Inévitablement, nous parlons de sa mère, une femme de la terre, qui lui a annoncé dimanche dernier qu'un dimanche des rameaux venteux est annonciateur d'un mois à venir venteux. Je lui fais le commentaire qu'à l'allure où vont les choses, il n'y aura plus beaucoup de ce savoir, de cette sagesse qui seront transmis aux générations futures car seul les gens de la terre savent observer cette nature. Ils ont surtout appris à lâcher prise.

Elle me parle de son père qui un jour a eu un doigt arraché par une vache trop pressée de courir dans les champs. Pas de clinique, pas de médecin. Un pansement improvisé, car les bêtes, elles, ne savent attendre. Les doigts, les os qui se raboutent pas toujours droits, mais les plaies se referment et la vie continue. Une cicatrice lui rappelle un jour cet incident.
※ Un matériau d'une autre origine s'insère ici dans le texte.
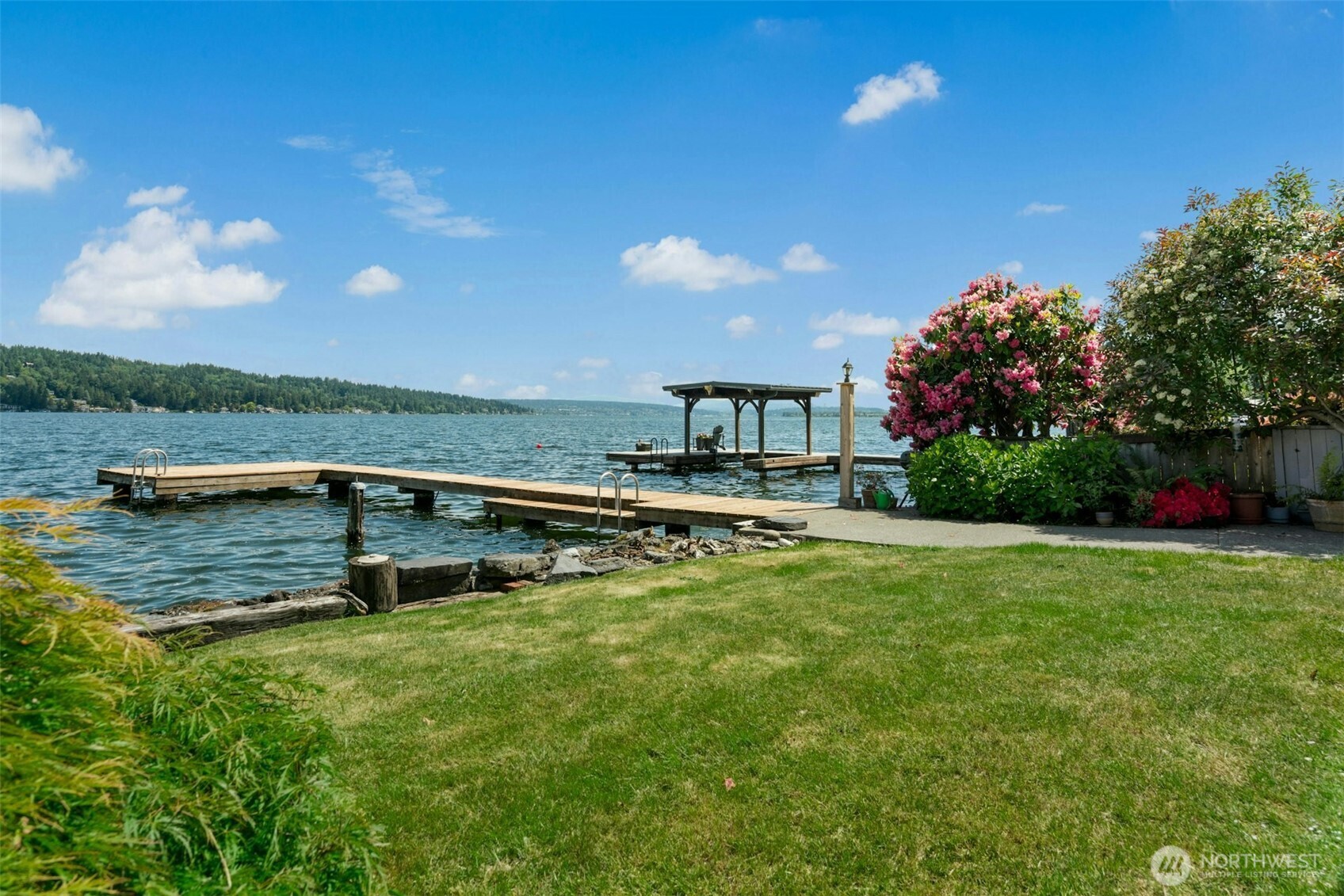 13008 Riviera Place Northeast Seattle, WA 98125 - Photo 24 of 40 Gallery Image 24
A la ville notre regard heurte rapidement un immeuble, à la campagne notre regard se pose sur l'horizon. De l'espace pour réfléchir tout en étant occupé à diverses activités. Beau temps, mauvais temps, il faut traire les vaches, les nourrir, nettoyer l'enclos, matin et soir. La question de ce que tu vas faire de ta journée, elle est réglée. Tu sais exactement ce que tu vas faire et à quelle heure. Martin Matte dans un spectacle disait: " Les fermiers ne font pas de burn out ". Pourtant, ils sont de plus en plus nombreux à être étrangler financièrement et à en souffrir.

Longtemps, les gens de la terre ont été méprisés par les gens de la ville. Pourtant, ce sont eux les premiers bâtisseurs, les premiers entrepreneurs. Il faut vraiment être débrouillard pour tirer profit de l'exploitation agricole. Ces hommes et ces femmes qui partagent leur quotidien, ont des rapports égalitaires, où chacun sait que l'autre est important. La soeur de mon amie a repris la ferme familiale, a mis au monde une douzaine d'enfants. Chaque enfant a trouvé sa place dans l'entreprise qui s'est diversifiée.

Malgré la mondialisation, nous apprécions nos beaux produits du Québec, nos beaux fromages d'ici. Derrière ce terroir, il y a des hommes, des femmes qui chaque jour, parce qu'ils sont passionnés de la terre, produisent pour nous. De moins en moins d'aînés de famille reprennent le collier. Malheureusement, c'est notre richesse collective qui disparaît sans laisser de traces.

Il y a eu le mercredi des cendres, le dimanche des rameaux et bientôt la résurrection. Ce qui appartient à la terre, retourne à la terre. Joyeuses Pâques à tous nos producteurs d'oeufs, de bovin, de porc, etc.